Don’t pack the moving truck just yet. Billionaire Marc Lasry, a former owner of the Milwaukee Bucks who was raised in West Hartford, has submitted a competing $300+ million bid for the Sun, the Hartford Courant reported. His plan: move the team to Hartford, play at the renovated Peoples Bank Arena (formerly the XL Center), and build a new practice facility.
 
The arena—built in 1975 and now undergoing $145 million in upgrades—can seat just under 16,000 for basketball, larger than Mohegan Sun Arena but smaller than most NBA venues.
 
Hartford has a case. UConn’s men’s and women’s teams have thrived in a small market, and in the NBA, franchises in even smaller TV markets—Oklahoma City (47), Milwaukee (38), Memphis (51)—have won titles.
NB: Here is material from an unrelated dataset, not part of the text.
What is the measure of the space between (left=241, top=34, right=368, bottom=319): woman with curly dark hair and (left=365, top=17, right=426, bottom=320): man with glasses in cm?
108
Make It About the Players 
 
“The economics about keeping a team in an obscure location in Connecticut has certainly changed, I think,” said Victor Matheson, a college professor at the College of Holy Cross in Worcester, Mass., and an expert on sports economics. 
 
“There’s just nothing by the casinos,” he said on the telephone. “Again, Uncasville is really small…at least Green Bay is actually a city,” he said, referring to the NFL’s Packers. “New London is barely a city, and that’s still outside where the casino is.” 
 
The sale may have more to do with the economics of the casino business than basketball. “Both of those casinos [Mohegan Sun & Foxwoods] are in significant trouble, like casinos everywhere in the country, because they no longer have a monopoly on New England,” Matheson stated. 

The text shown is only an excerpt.